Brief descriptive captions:
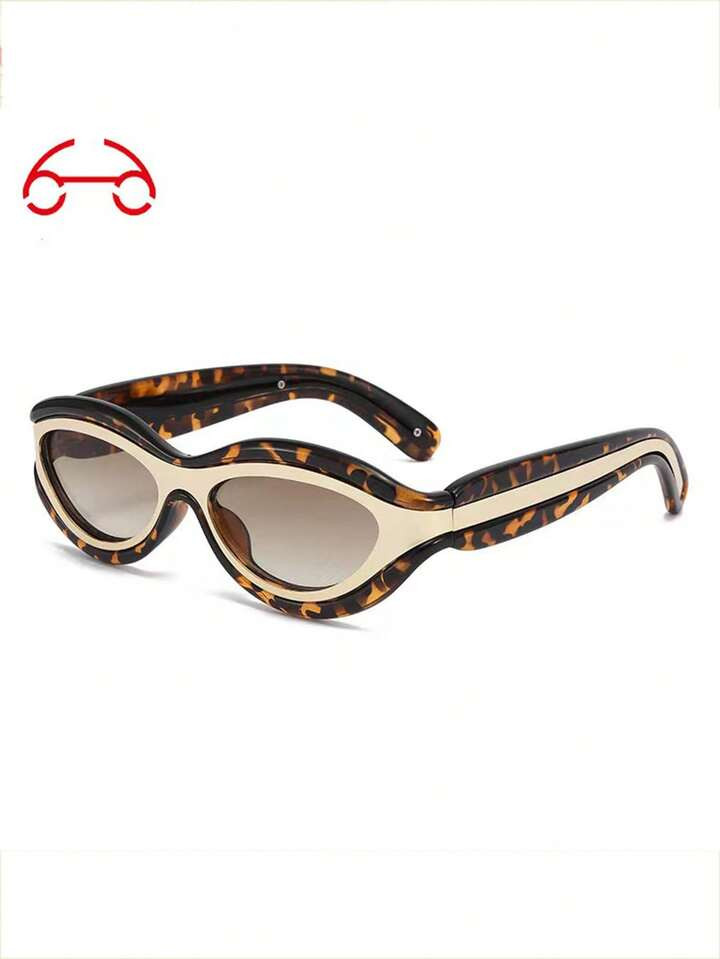 1pc Fashionable Cat Eye Design UV-Proof Sunglasses With Two-Tone Frame Shades Beach Accessories | SHEIN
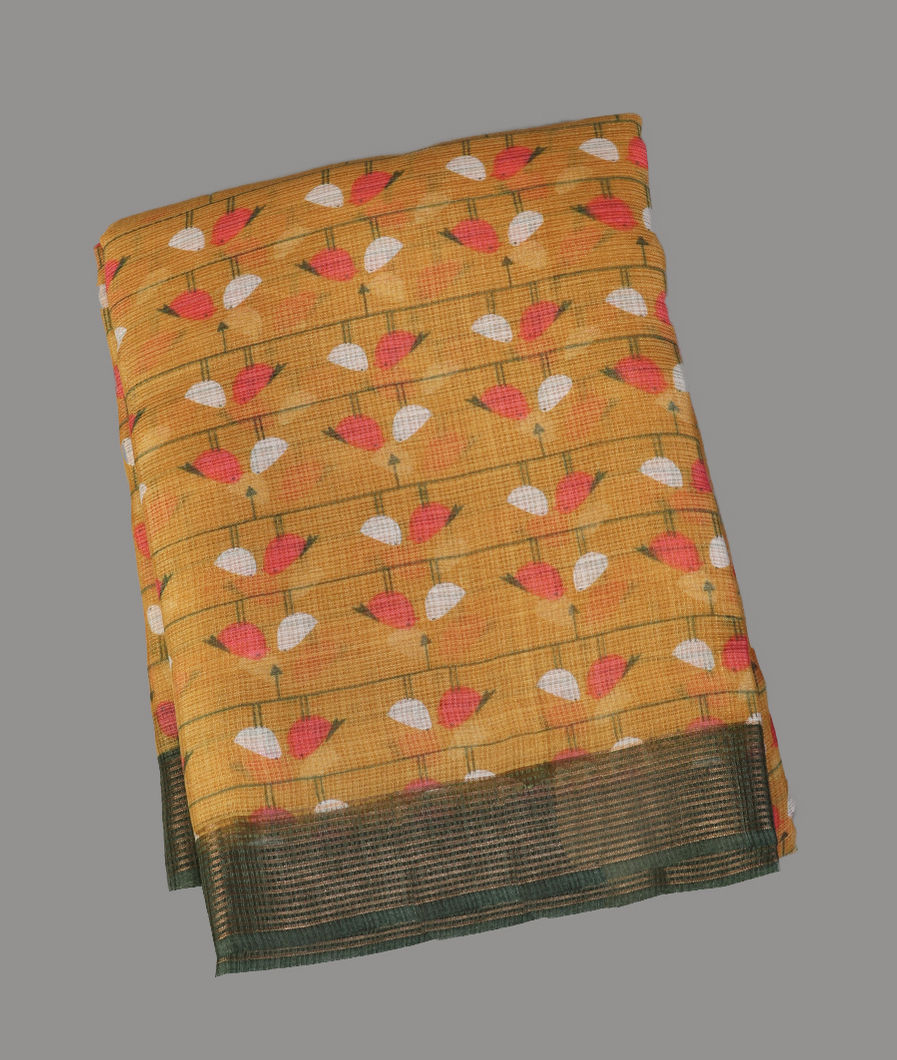 Yellow Kota Cotton Saree T431090-image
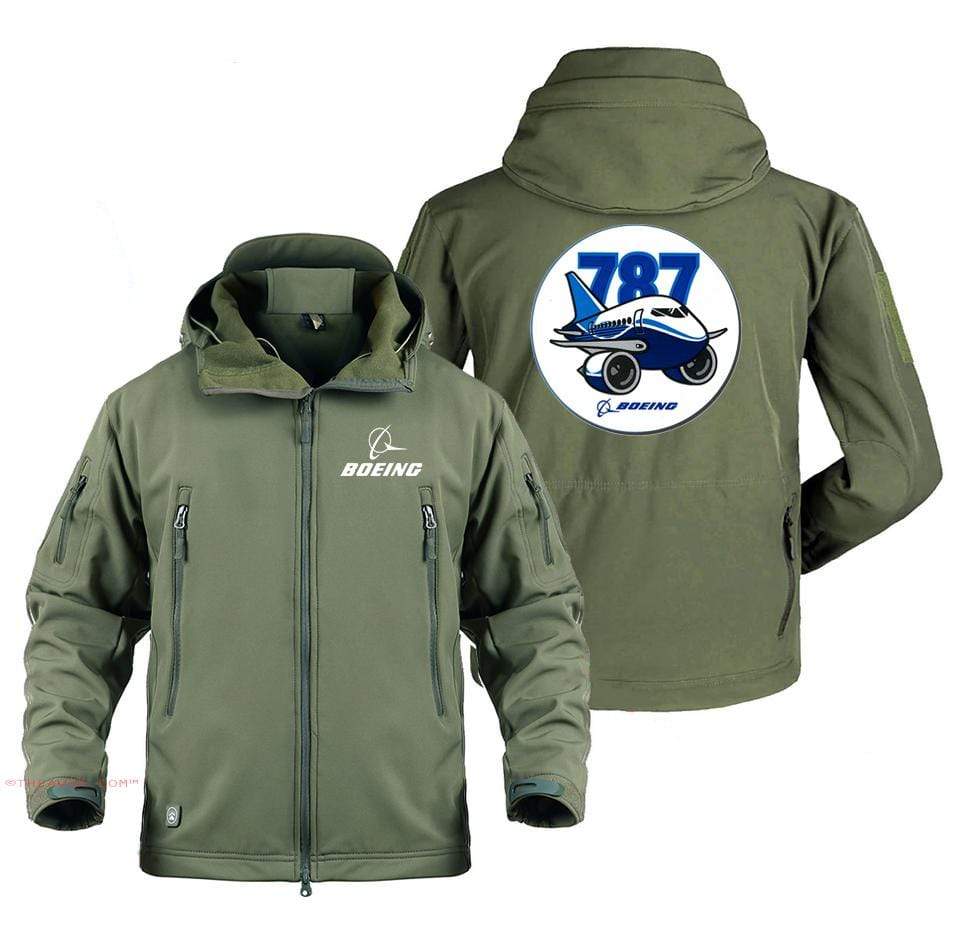 AIRPLANE LOVER Military Fleece Army Green / S Boeing 787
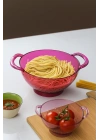 Akrilik Pembe Makarna Süzgeçi & Sebze Meyve Süzgeçi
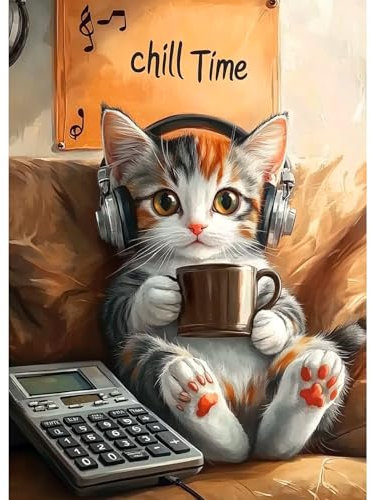 CEOVR Diamond Painting Bilder Kit Erwachsene,5D Katze Diamond-painting 30x40 cm,Katze Trinkt Kaffee Diamant Art Set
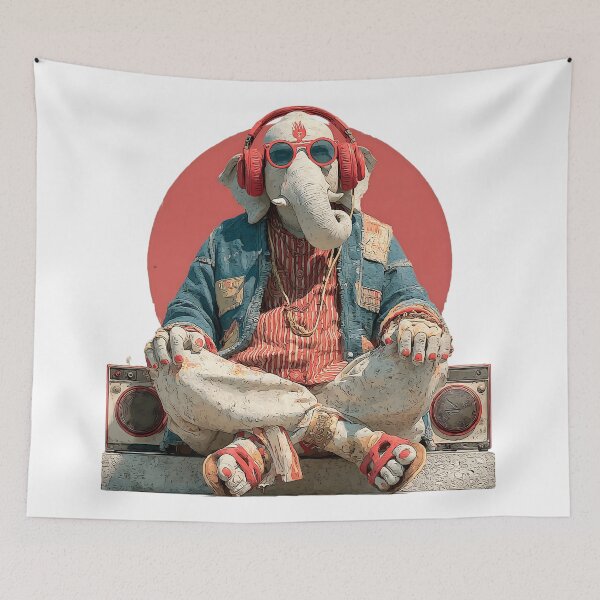 Item preview, Ganesha Boombox Streetwear Retro Neon Headphones Art designed and sold by PANNARUK THAILAND.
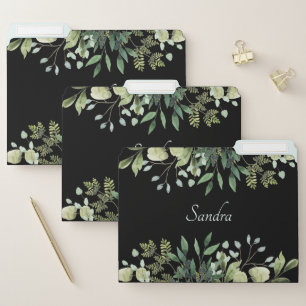 Elegant black with flowers and name file folder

## WHAT THE TASK ASKS
Each line from the one bearing "Akrilik Pembe Makarna" through the final line of the records is to be copied exactly, and no pictures are to be included.

## COMPLETED EXERCISE
 Akrilik Pembe Makarna Süzgeçi & Sebze Meyve Süzgeçi
 CEOVR Diamond Painting Bilder Kit Erwachsene,5D Katze Diamond-painting 30x40 cm,Katze Trinkt Kaffee Diamant Art Set
 Item preview, Ganesha Boombox Streetwear Retro Neon Headphones Art designed and sold by PANNARUK THAILAND.
 Elegant black with flowers and name file folder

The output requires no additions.